Leaving Records recently reissued three of your early albums on cassette, their original medium. Were there advantages to that format versus vinyl at the time?

It was less complicated. I could get a cassette recorder and record myself. I could record ninety minutes if I chose to, and record in my living room or wherever I found the time to do that. I wasn't that financially empowered to seek out recording on vinyl. It seemed like vinyl required going into a studio or someone with a high quality recorder. I was making cassettes to supply the people who were asking for them on the sidewalks of New York. People would say "Do you have a cassette of that," so I would go home and whip up a cassette and have it to them in three or four days. I did do vinyl when a producer and finances came along; the first album was Celestial Vibration and the second was of course, Day Of Radiance.

In recent years people have begun to investigate in earnest music classified as "new age." To what might you credit that renewed interest?

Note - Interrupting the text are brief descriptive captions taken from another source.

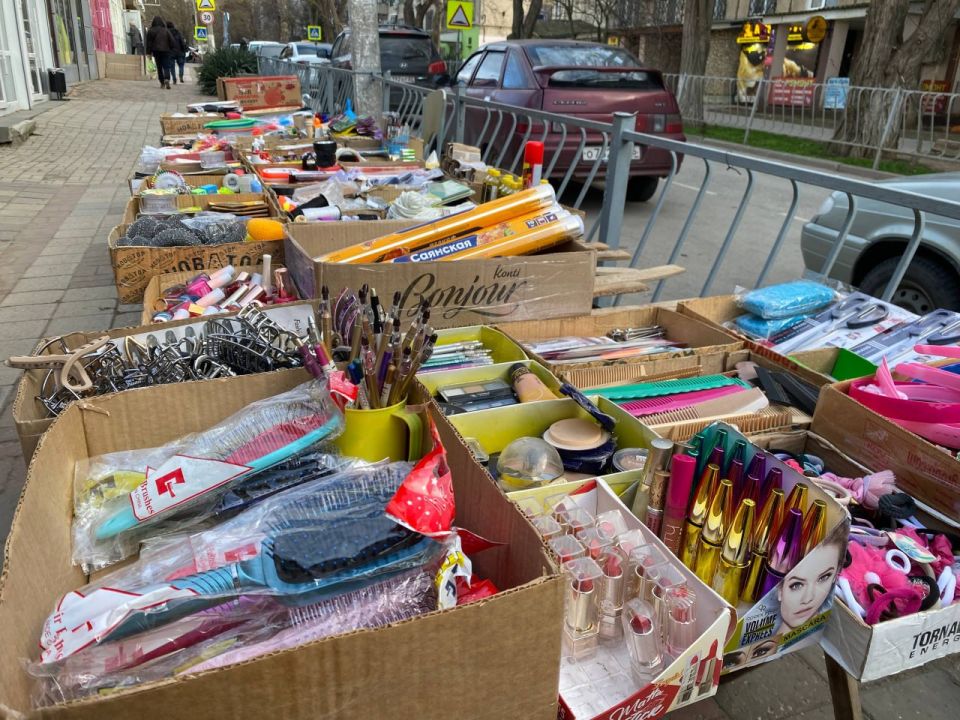 Сотрудники управления муниципального контроля возобновили профилактические рейды по пресечению незаконной торговли Сотрудники управления муниципального контроля возобновили профилактические рейды по пресечению незаконной торговли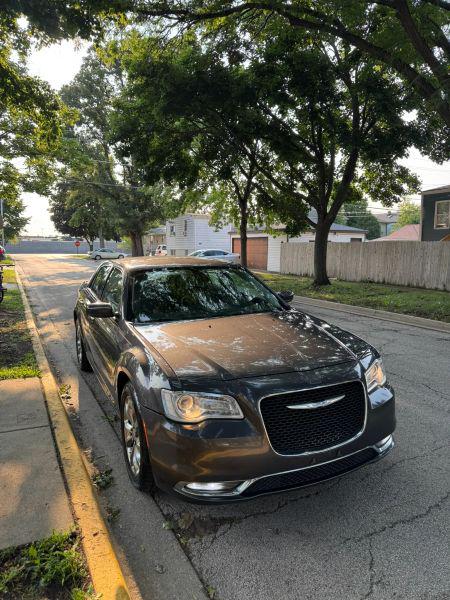 2016 Chrysler 300 Limited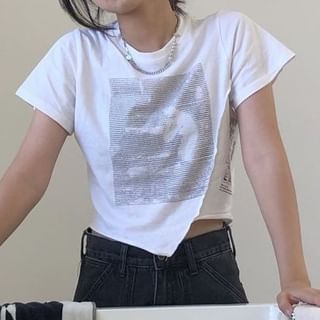 monroll - Short-Sleeve Printed Crop T-Shirt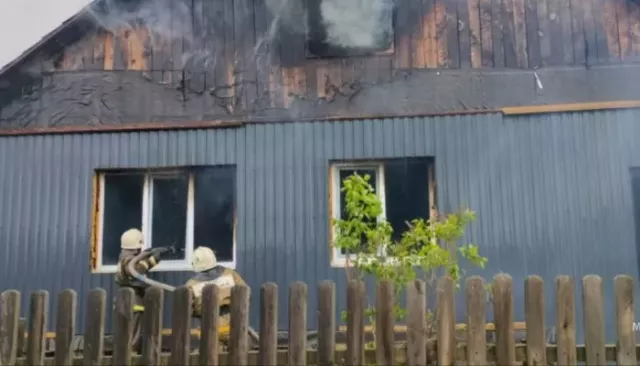 В Заринске на 300 "квадратах" горели жилой дом и гараж В Заринске на 300 "квадратах" горели жилой дом и гараж - Толк, 12.05.2025
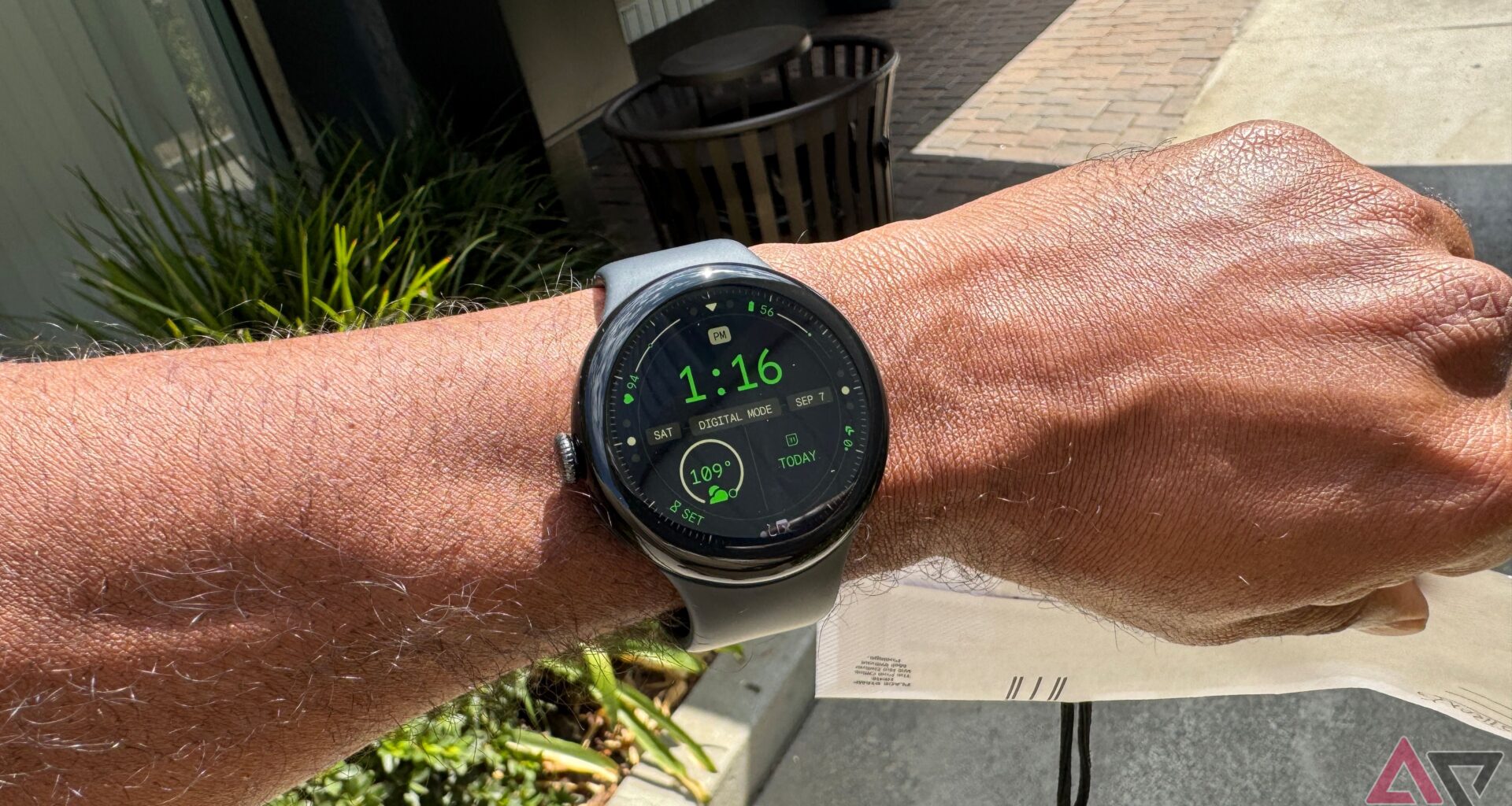 Google is working on a manual data backup toggle for owners of the Pixel Watch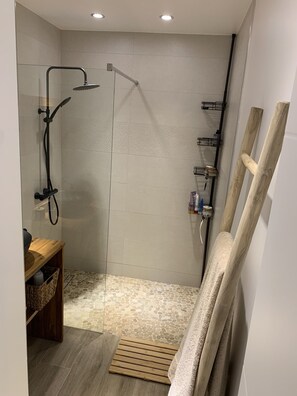 Shower - A little corner of paradise in Saint-Martin (Grand Case)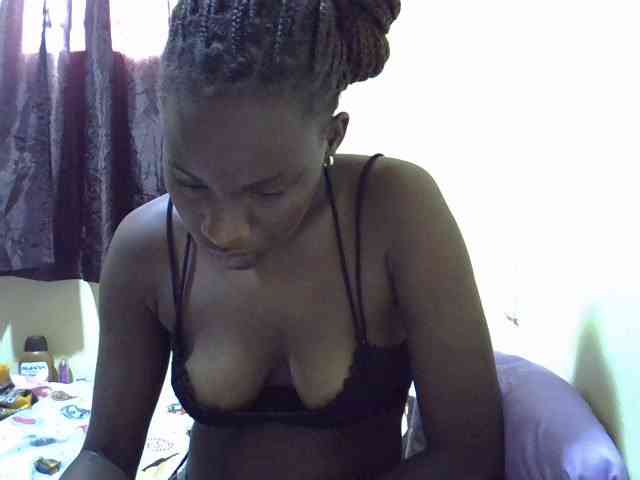 sexxy-maya1 webcam
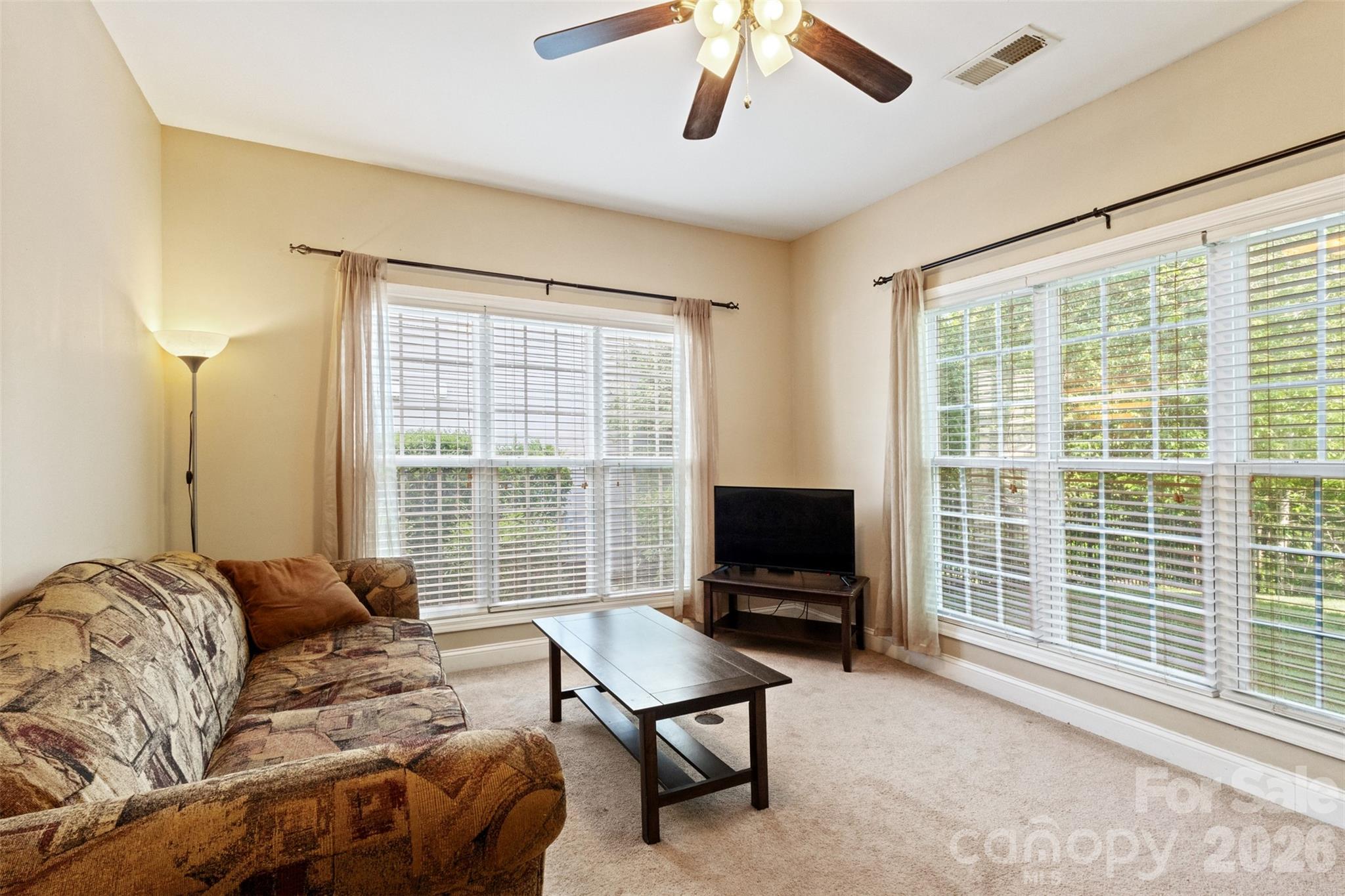 8458 Mossy Cup Trail Property Photo 7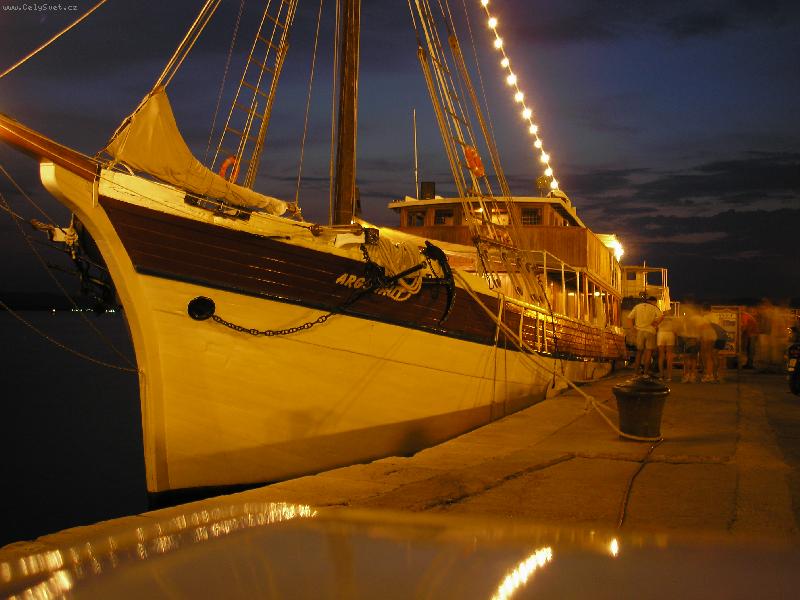 Foto: V�letn� lo�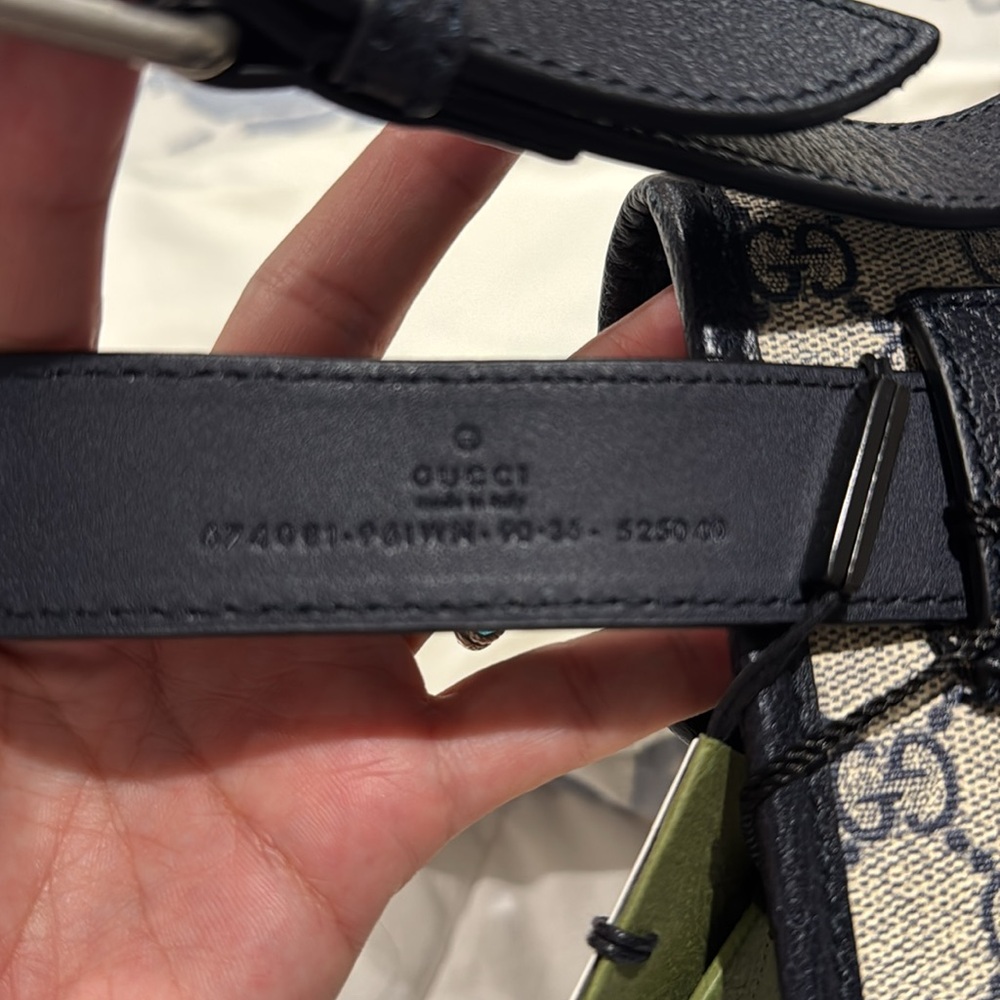 Brand new AUTHENTIC never worn GUCCI fanny - Picture 2 of 5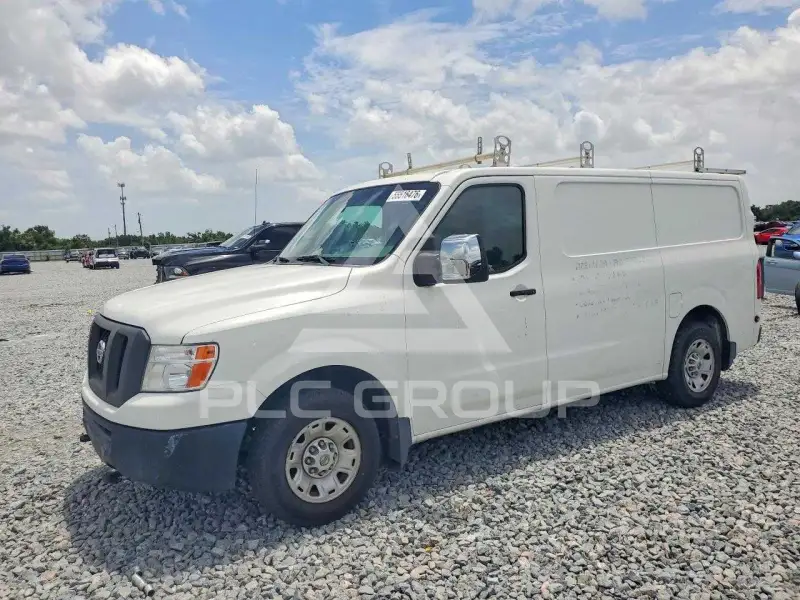 2017 Nissan NV фото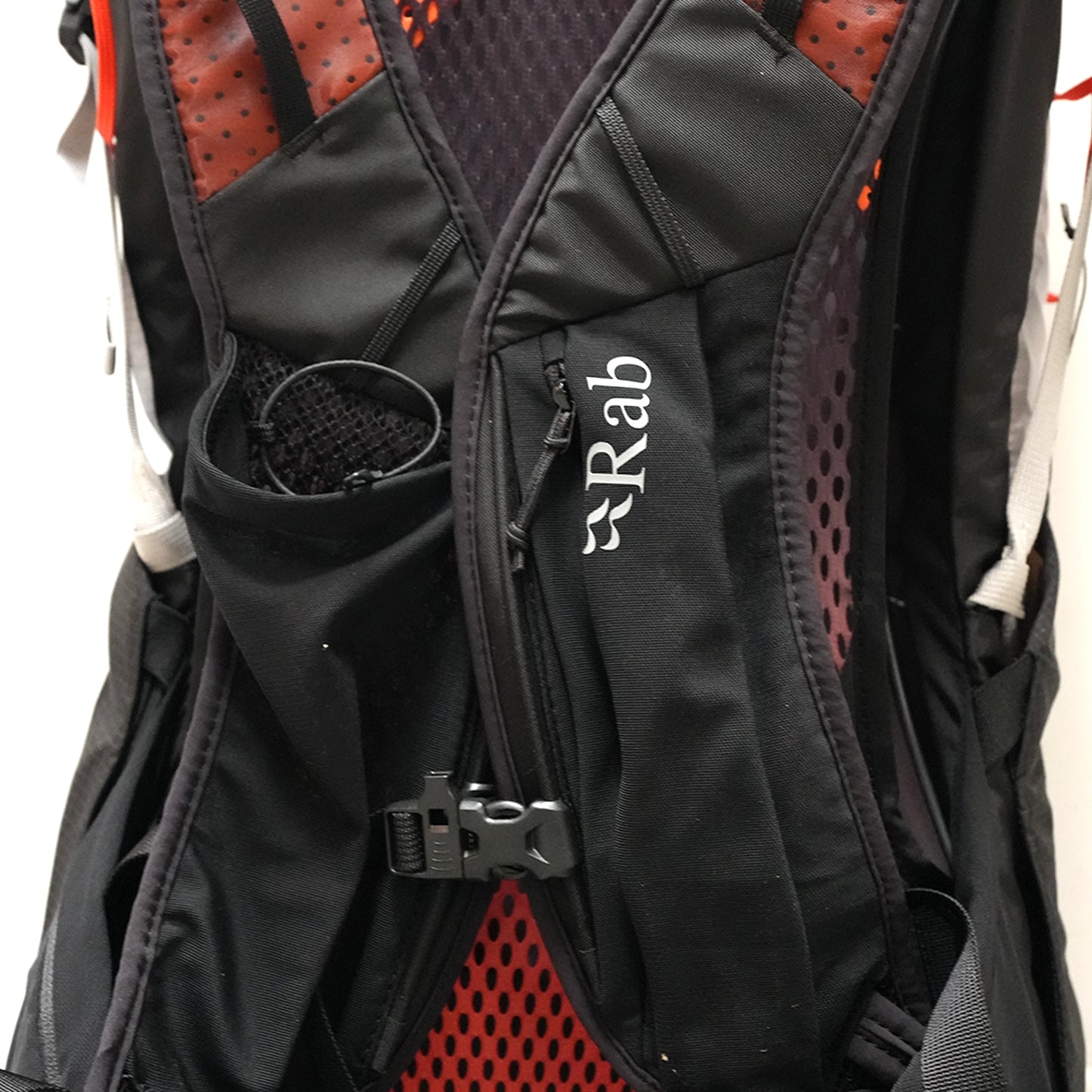 【Rab】ラブ men's Syclon XP 30 "Black×Dark Pewter"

The innocence of new age music is a resource that listeners might want or need in the particular age that we're going through on the planet. New age music allows the listener the feeling of an innocent child, yet honours our sensibilities for peaceful, contemplative inner harmony and making that a priority, making that a definite intention. Maybe even one that overrides the intention of just making a groovy sound or just pleasing someone who's going to use it as background social music. New age music seems to have the intent of being present in a way that is supportive of higher, gentler human needs, whether its convalescing, healing, or just needing a soothing background to accompany the life process - whether that means creativity or just staring out of a window.